Is Oracle ready to play with the cloud big kids?

Oracle this week announced positive steps for its cloud platform, but it's got a long road to catch up with leaders of the IaaS market

oracle cloud on building
Stephen Lawson

This week, at its Cloud World conference in New York, Oracle revealed new details of its cloud offering, making its case once again to be among the big kids of the cloud market. Here's Cloud Chronicle's take: It’s a valiant effort; but Oracle still has a ways to go.

Oracle executive Thomas Kurian made a solid argument for the company’s cloud.
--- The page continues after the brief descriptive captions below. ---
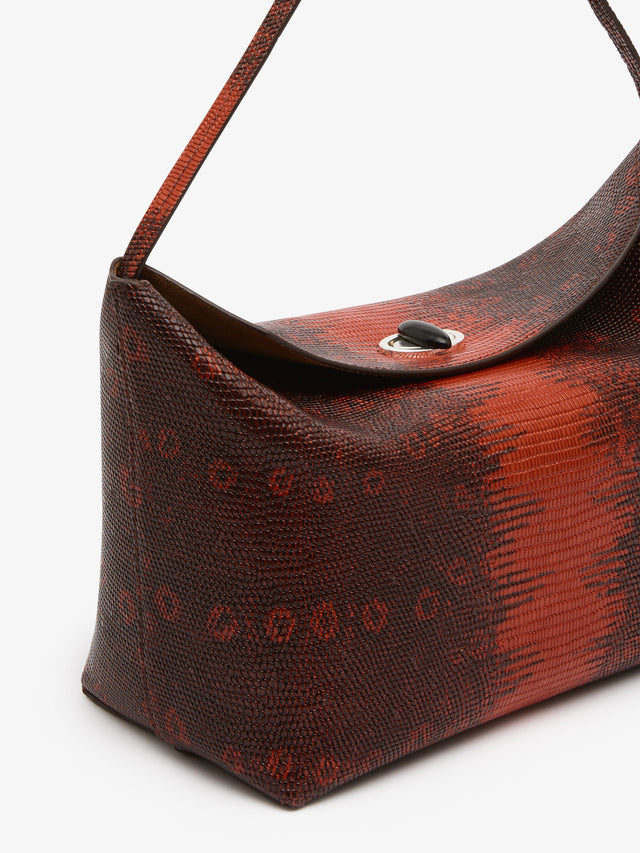 Turnlock Lizard Shoulder Bag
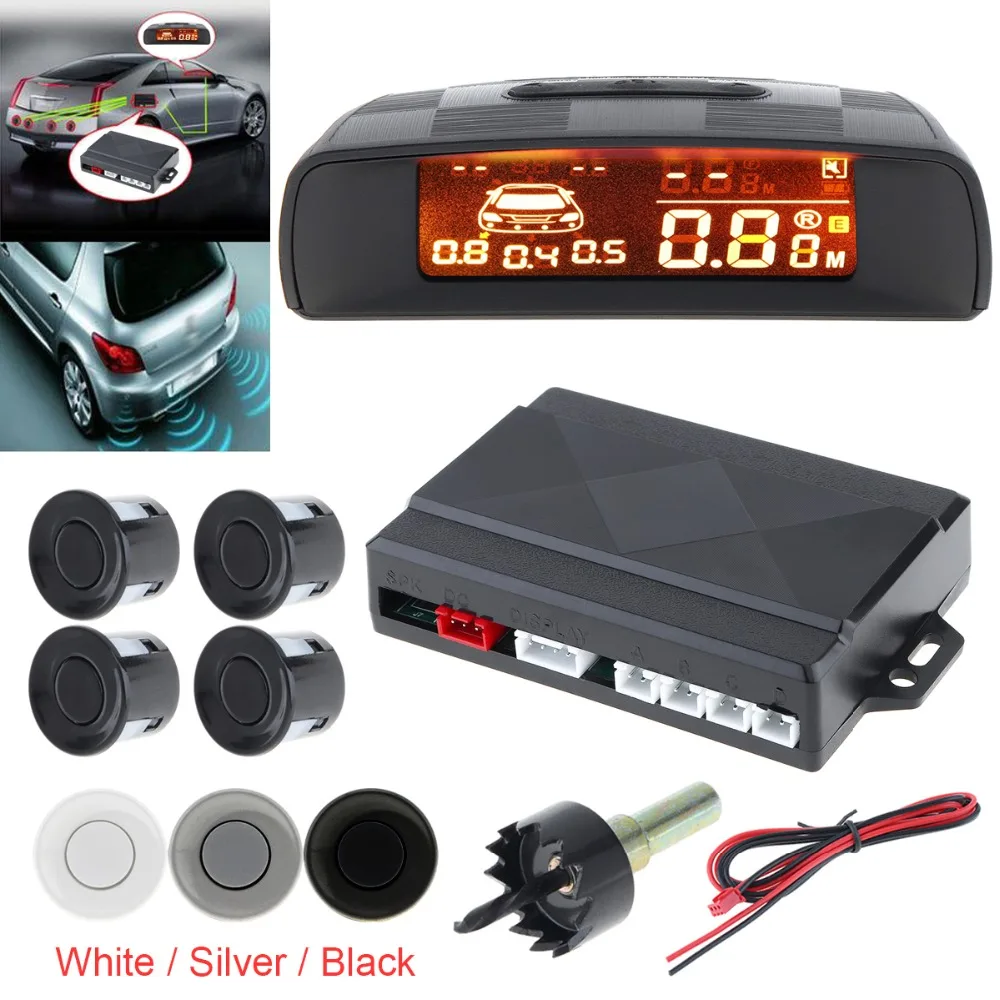 

LCD Display Universal Car Monitor Parking Sensor Kit Auto Radar Detector 4 Sensors Alarm Indicator Reverse Backup Radar System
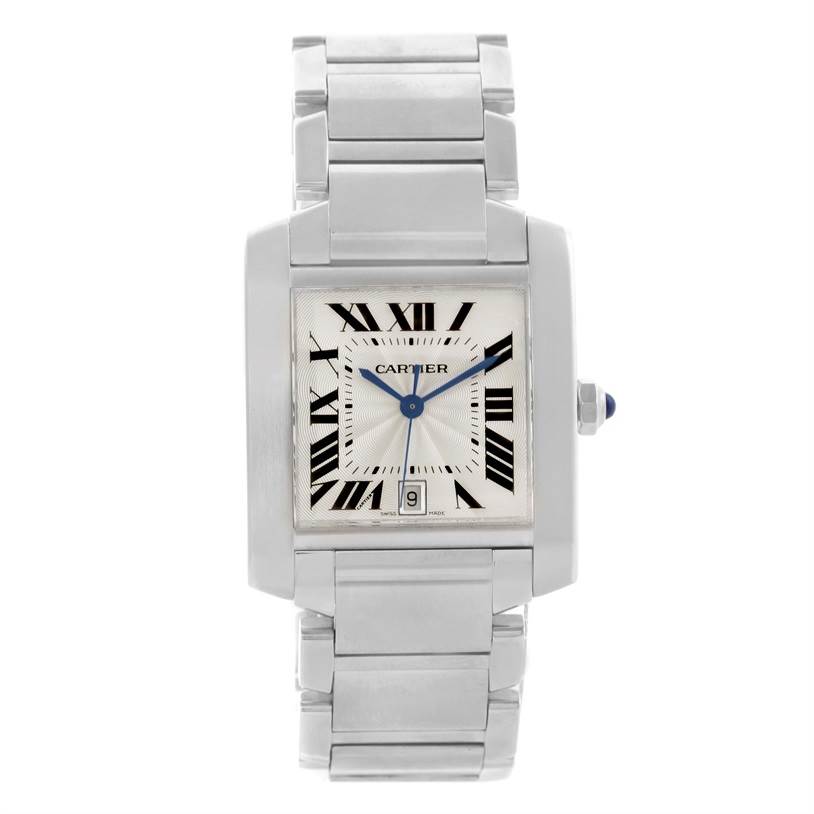 The image shows a frontal view of a Cartier Tank Française watch, highlighting its rectangular dial, metal bracelet, and Roman numeral markers.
Oralce is not just focusing on one area of this market: It has offerings across the SaaS, IaaS and PaaS markets. Perhaps its SaaS offerings are the most mature. IaaS and PaaS still have some development to work on.

Within the IaaS cloud, Oracle is staking some claims that will differentiate it from competitors – namely Amazon Web Service, Microsoft Azure and Google Cloud. It’s also providing customers a good amount of choice. Take it’s compute offerings, for example: They come in three flavors - bare metal, virtualized and container-based. It’s network is fully programmable, so customers using the combination of its bare metal and virtualized network will receive “100% isolation” of their workloads on the company’s cloud, Kurian says. Neither Amazon nor Microsoft can make that claim – although IBM can.

Perhaps Oracle’s biggest opportunity is in offering databases from it’s cloud. Existing Oracle customers who are looking to shift their data-intensive workloads that are already tightly integrated with Oracle’s suite of databases to the cloud with minimal change will find Oracle’s cloud offerings attractive. Kurian argues that it’s databases and virtual machines offer a significant price/performance ratio compared to AWS. Such claims are difficult to verify on an apples-to-apples basis, however.

Most analysts agree that AWS is the leader of the IaaS cloud market. Even compared to Microsoft Azure, AWS has a wider breadth and depth of features and functionality. They’re leading the market in terms of new, innovate offerings like its Lambda serverless computing product.

It’s taken Microsoft years just to be within striking distance of AWS. Google is aiming to give AWS a run too.

It could take years for Oracle to build up a cloud that’s on the same level as AWS.

It’s not insurmountable: The market is young enough that Oracle still has a shot. The advancements the company has made this week are certainly positive steps forward. But as BMO Financial analyst Keith Bachman wrote in a report this week, Oracle is now in a “show me” phase where it needs to convince users why they should use its cloud compared to competitors. And that could be a tough task at this point.